February 2022 and the beginning of Russia’s invasion of Ukraine marked a new turning point for Germany — a fundamental reassessment of the country’s position in the European security system, its military doctrine, and the restructuring of its economy. But does this represent mere adaptation to new threats, or is Europe witnessing the birth of a new power?

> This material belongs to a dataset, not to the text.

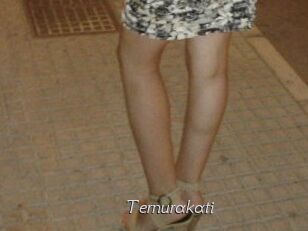 Ternurakati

By 2026, Germany is demonstrating an unprecedented growth in defence spending that would have seemed politically impossible just a few years ago. The total military budget has reached €108 billion, comprising €82.6 billion in regular appropriations and approximately €25 billion from the special fund known as the Sondervermögen Bundeswehr (Special Assets for the Bundeswehr). This fund was established in 2022 as an emergency measure immediately following the Russian invasion of Ukraine, initially totalling €100 billion — an unprecedented step for a country that had spent decades avoiding large-scale military investment. As a result, Germany has for the first time in its modern history exceeded NATO’s average defence spending benchmark, reaching 2.4–2.5% of GDP.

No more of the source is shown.